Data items
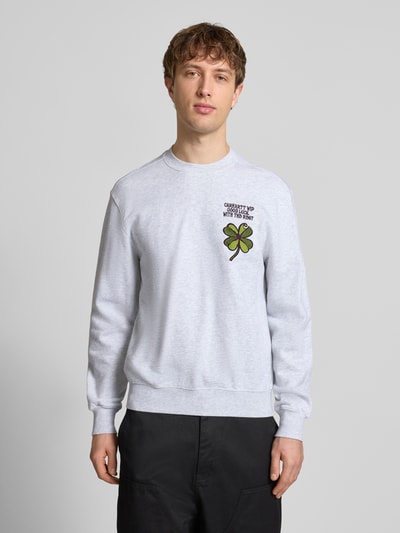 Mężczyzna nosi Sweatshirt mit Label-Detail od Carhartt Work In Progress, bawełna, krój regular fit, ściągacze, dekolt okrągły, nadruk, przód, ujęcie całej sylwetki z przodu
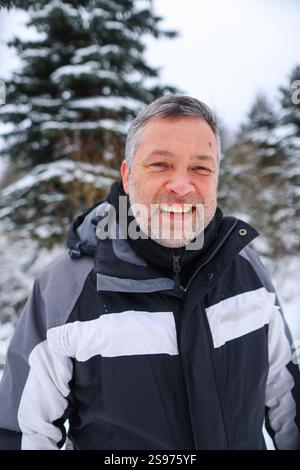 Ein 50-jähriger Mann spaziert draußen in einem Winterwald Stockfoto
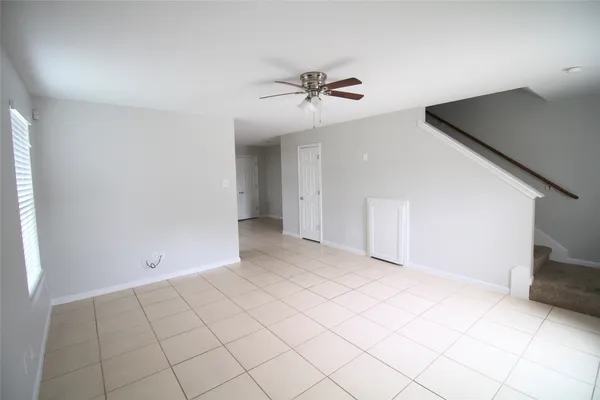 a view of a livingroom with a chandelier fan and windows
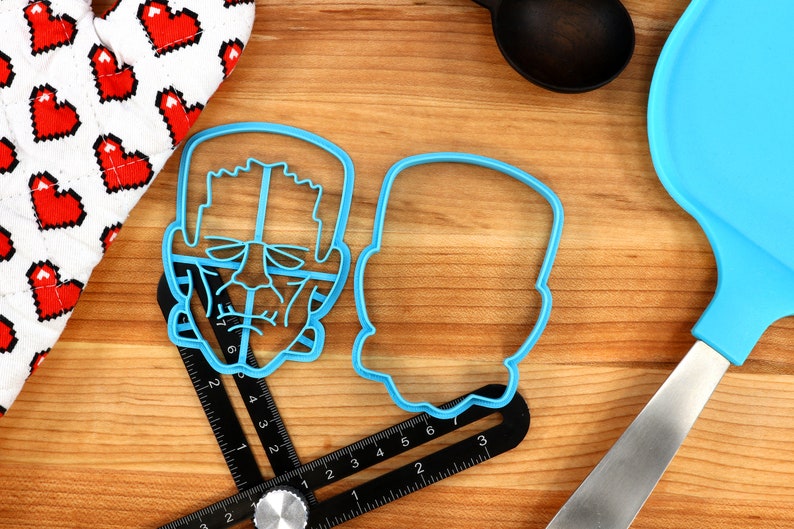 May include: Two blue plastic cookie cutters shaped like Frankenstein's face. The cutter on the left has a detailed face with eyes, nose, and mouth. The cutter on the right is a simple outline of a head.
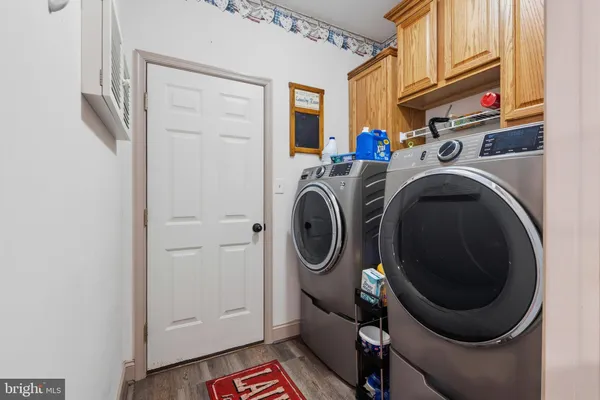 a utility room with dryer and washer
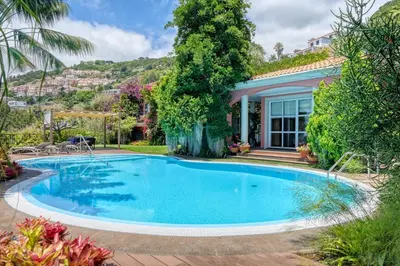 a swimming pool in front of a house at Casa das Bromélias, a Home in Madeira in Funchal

Work item. Every line from the one containing "a utility room with dryer and washer" through the end of the records is to be returned exactly, and those lines alone; pictures are dropped.

Response area.
 a utility room with dryer and washer
 a swimming pool in front of a house at Casa das Bromélias, a Home in Madeira in Funchal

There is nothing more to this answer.